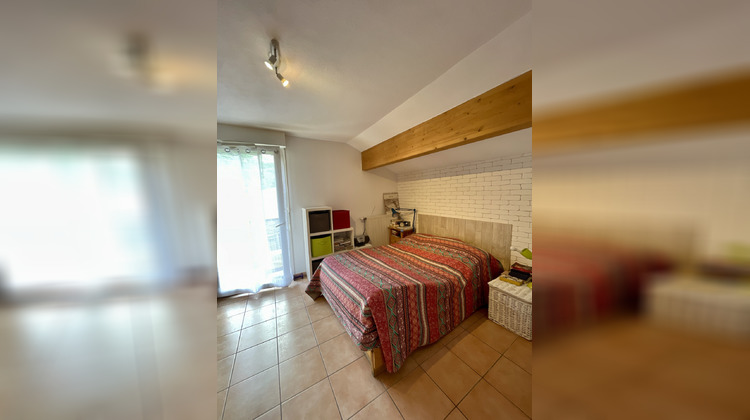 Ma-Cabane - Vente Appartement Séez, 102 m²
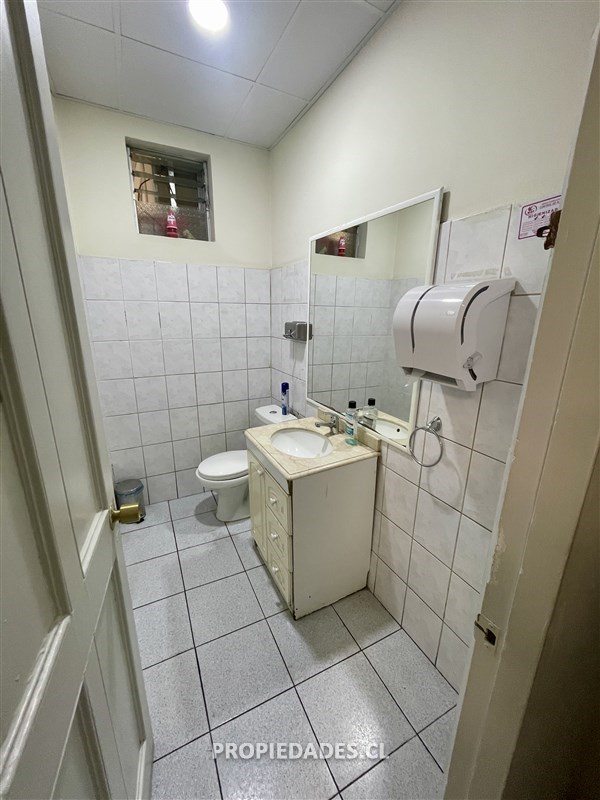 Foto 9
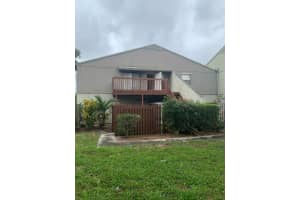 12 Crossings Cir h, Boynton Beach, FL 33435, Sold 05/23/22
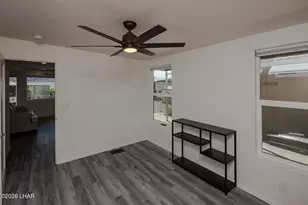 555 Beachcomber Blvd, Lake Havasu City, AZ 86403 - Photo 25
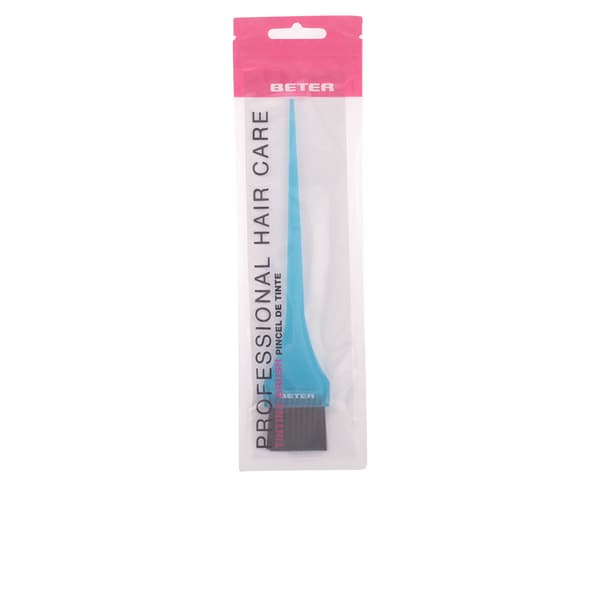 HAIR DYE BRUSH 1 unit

◇ ◇ ◇ ◇

> [Activity] Set down word for word every line from the one containing "555 Beachcomber Blvd, Lake" through the last line of the records above, both ends included. Leave out the pictures.

> [Exercise response]
 555 Beachcomber Blvd, Lake Havasu City, AZ 86403 - Photo 25
 HAIR DYE BRUSH 1 unit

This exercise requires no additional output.